HONG KONG, June 26 (Reuters) - Reduced bank liquidity in China’s onshore loan market is pushing up loan pricing as the country’s banks try to curb lending after last week’s credit crunch in the interbank market and stock market slump, loan bankers said on Wednesday.
Some Chinese state-owned and commercial banks have already asked borrowers to increase the interest margins of existing loans or renegotiate the margins on deals in the pipeline after the People’s Bank of China (PBOC) said that the onus was on lenders to better manage their balance sheets.
“We will temporarily increase pricing of loans that haven’t been drawn or fully drawn yet. It applies to all clients,” a Beijing-based banker at a Chinese commercial bank said.
The policy change could push more Chinese companies into borrowing in the offshore loan market to access cheaper and more readily available funds, bankers said.

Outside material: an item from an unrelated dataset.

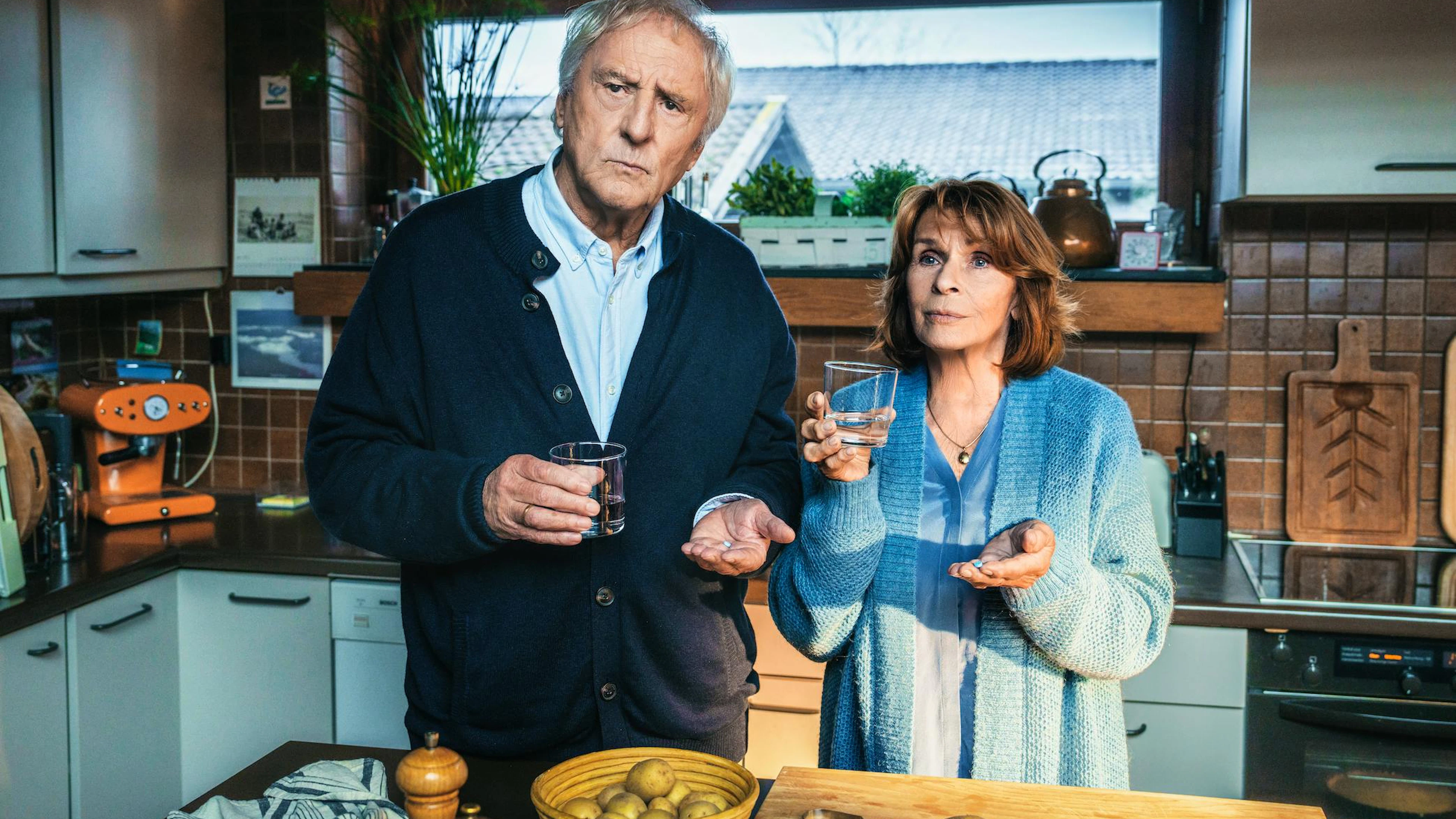Zum Hochzeitstag präsentiert Günter (gespielt von&nbsp;Günther Maria Halmer) seiner Ehefrau Marianne (Senta Berger) im Film «Weisst du noch» ein spezielles Geschenk: eine blaue Wunderpille.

It could also affect Chinese banks’ appetite for and ability to participate in syndicated loans for Asian companies.
China’s money markets spiked last week after authorities allowed cash market conditions to tighten.
The average overnight Shanghai Interbank Offered Rate (SHIBOR), the average interbank lending rate offered by 18 Chinese commercial banks, rose to 13.4 percent last Thursday, while the one-week repo rate in China’s money market climbed to 11.2 percent, the highest in 10 years.
One of China’s “big four” state-owned banks - Agricultural Bank of China, Bank of China, China Construction Bank and Industrial & Commercial Bank of China - issued an internal note asking for higher margins on loans that had not been drawn yet immediately after last week’s cash crunch, a Shanghai-based source at the bank.
Another major Chinese commercial bank asked all branches to only allow borrowers that agree to increase loan margins to 130-140 percent of the PBOC rate to draw funds in a video conference late last week, a source at the bank’s Beijing branch said, a move which could cut smaller companies out of the market.
“Bigger companies need more funds and tend to agree with it, but the smaller ones will not draw funds at this time because they can’t afford it,” the Beijing-based commercial banker said.
Another loan banker at a city commercial bank said that the bank is only able to release funds to borrowers that pay more than 100 percent of the PBOC rate.
Bankers said that it is common practise for Chinese banks to prioritise deals with higher returns in times of reduced liquidity and that the increase in pricing is likely to be temporary until market conditions readjust.
“When liquidity is tight in the market, banks always give priority to those who pay higher margins,” the source said. “This is when banks gain more bargaining power.”
The change in policy means that small and mid-sized banks are likely to restrict lending and banks trying to limit credit will prioritise lending to companies with strong credit profiles over riskier firms, Moody’s said in a report on June 24.
Money market fluctuations could also temporarily hit some foreign banks’ ability to lend as they rely on China’s interbank market for renminbi liquidity.
Toyota Motor Finance (China) Co Ltd recently postponed the drawdown date on its 1 billion renminbi dual-tranche revolving credit to early July from the end of June, sources said, adding that the delay could have been a result of banks’ tightened liquidity.